Tamara Serrano (UAB): ‘When Machines Suggest: Cognitive Responses to Gendered Language in Autocomplete Systems’
Seminari del CLT
Divendres, 27 de març de 2026
Hora 15:30
Aula 202, Facultat de Filosofia i Lletres
Enllaç Teams
Abstract:
As language technologies such as autocomplete and generative AI become part of everyday communicative practice, they invite us to rethink what it means to communicate with non-human interlocutors. These systems do not simply deliver information; they produce linguistic outputs shaped by patterns in large text corpora and human usage, raising questions about how such outputs participate in human language processing.

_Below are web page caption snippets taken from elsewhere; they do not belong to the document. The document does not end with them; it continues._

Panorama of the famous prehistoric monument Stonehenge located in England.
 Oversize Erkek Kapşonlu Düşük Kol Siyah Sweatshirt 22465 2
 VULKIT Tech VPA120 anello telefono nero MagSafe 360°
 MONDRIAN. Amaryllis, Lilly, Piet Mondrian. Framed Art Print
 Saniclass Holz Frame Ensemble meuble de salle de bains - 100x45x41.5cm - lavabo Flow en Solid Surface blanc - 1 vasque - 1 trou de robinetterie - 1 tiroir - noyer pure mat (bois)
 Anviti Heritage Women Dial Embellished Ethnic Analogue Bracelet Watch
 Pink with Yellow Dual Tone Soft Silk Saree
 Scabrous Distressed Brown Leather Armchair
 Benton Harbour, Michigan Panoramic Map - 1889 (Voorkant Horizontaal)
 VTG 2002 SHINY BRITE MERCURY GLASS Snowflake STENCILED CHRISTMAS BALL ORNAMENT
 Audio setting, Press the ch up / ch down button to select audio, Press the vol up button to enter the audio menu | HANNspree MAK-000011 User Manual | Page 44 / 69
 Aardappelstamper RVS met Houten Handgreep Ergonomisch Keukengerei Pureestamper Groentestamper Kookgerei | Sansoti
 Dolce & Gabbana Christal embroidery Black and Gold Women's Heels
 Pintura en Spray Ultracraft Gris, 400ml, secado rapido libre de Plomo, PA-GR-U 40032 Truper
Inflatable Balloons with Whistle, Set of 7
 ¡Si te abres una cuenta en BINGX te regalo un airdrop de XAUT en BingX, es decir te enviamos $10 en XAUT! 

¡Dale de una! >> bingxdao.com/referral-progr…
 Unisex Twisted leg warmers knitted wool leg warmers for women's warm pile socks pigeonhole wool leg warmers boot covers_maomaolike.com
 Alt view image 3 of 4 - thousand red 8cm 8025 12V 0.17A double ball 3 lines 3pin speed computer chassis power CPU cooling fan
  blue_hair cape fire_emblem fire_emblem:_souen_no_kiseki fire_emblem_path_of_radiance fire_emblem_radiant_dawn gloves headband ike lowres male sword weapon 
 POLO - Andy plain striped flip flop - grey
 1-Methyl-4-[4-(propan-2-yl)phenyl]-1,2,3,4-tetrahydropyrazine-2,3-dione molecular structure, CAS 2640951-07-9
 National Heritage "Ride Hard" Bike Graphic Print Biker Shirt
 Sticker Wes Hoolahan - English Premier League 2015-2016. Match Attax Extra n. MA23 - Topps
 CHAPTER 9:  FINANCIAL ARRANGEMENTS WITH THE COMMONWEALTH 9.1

In this study, we examine cognitive responses to statements about men and women generated through an AI-mediated autocomplete system. Rather than treating these systems as passive conduits of information, we consider them active communicative partners whose suggestions might influence how language is perceived and understood. In a timed experimental task, participants evaluated statements drawn from autocomplete while their reaction times were recorded. This setup allows us to explore whether repeated contact with AI-mediated content alters processing dynamics in ways that are sensitive to semantic, lexical, and social aspects of the stimuli.
By focusing on reaction times alongside overt evaluations, we aim to uncover subtle traces of how AI systems may scaffold or interfere with human judgment. From a gender-oriented perspective, this approach also speaks to broader concerns about the circulation of socially loaded representations through language technologies.
Situating our work within emerging research on human-machine communication, this project treats autocomplete not as an auxiliary tool but as a non-human participant in linguistic practice. Understanding how such technologies shape cognitive patterns contributes to ongoing debates on the roles we assign to machines in communicative ecosystems —including their potential to normalize, reinforce, or disrupt established language use.
References:
Arehalli & Linzen. 2022. Neural networks as cognitive models of the processing of syntactic constraints. https://sarehalli.github.io/research.
Baroni. 2022. On the proper role of linguistically oriented deep net analysis in lingüístic theorizing. Algebraic Structures in Natural Language. CRC Press.
Bender, Gebru, McMillan-Major & Shmitchell. 2021. On the Dangers of Stochastic Parrots: Can Language Models Be Too Big? In Conference on Fairness, Accountability, and Transparency (FAccT ’21), March 3–10, 2021, Virtual Event, Canada. https://doi.org/10.1145/3442188.3445922
Bender & Koller. 2020. Climbing towards NLU. Proc. of the 58th ACL.
Lai, Mesgar & Fraser. 2024. LLMs Beyond English: Scaling the Multilingual Capability of LLMs with Cross-Lingual Feedback. arXiv. 2406.01771.
Leivada, Murphy & Marcus. 2022. DALL-E 2 fails to reliably capture common syntactic processes. arXiv. 2210.12889.
Shin et al. 2023. Investigating a neural language model’s replicability of psycholinguistic experiments. Front. Psychol. doi.org/10.3389/fpsyg.2023.937656.